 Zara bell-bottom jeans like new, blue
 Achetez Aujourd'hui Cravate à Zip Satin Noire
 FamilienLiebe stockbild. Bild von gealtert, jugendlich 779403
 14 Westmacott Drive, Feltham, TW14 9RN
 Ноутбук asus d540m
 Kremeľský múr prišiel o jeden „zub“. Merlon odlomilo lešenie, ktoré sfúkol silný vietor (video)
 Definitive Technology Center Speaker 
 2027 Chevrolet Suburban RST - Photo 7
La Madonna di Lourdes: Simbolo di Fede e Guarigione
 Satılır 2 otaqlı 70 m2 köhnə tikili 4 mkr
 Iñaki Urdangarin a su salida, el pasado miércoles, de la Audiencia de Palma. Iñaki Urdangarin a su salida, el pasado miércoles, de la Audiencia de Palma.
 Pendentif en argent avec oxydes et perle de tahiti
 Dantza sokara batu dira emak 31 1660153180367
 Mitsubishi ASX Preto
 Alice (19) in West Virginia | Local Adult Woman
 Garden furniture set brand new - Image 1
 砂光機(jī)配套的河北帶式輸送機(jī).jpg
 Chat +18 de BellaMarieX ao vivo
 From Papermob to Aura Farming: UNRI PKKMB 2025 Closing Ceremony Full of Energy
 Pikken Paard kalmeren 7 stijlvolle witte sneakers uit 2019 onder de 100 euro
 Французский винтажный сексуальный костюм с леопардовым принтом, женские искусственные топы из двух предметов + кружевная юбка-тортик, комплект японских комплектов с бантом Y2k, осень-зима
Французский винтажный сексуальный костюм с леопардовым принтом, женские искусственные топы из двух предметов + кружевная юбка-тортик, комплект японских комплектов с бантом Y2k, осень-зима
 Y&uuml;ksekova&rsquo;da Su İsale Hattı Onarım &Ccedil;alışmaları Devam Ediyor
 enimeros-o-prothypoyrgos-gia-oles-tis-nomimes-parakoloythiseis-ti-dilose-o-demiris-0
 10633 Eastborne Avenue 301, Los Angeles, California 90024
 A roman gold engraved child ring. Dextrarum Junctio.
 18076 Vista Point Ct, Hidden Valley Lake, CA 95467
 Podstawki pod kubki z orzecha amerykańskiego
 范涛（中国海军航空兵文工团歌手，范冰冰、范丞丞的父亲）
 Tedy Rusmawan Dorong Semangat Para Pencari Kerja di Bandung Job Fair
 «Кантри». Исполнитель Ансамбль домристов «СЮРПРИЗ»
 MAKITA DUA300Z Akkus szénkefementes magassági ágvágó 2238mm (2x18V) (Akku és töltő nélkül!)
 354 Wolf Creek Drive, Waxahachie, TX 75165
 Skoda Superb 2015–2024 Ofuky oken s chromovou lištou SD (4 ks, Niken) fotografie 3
______
▶ **WHAT THE EXERCISE ASKS**
The required output is each line of the entries that contains the word "кружевная".

▶ **OUTPUT BELOW**
 Французский винтажный сексуальный костюм с леопардовым принтом, женские искусственные топы из двух предметов + кружевная юбка-тортик, комплект японских комплектов с бантом Y2k, осень-зима
Французский винтажный сексуальный костюм с леопардовым принтом, женские искусственные топы из двух предметов + кружевная юбка-тортик, комплект японских комплектов с бантом Y2k, осень-зима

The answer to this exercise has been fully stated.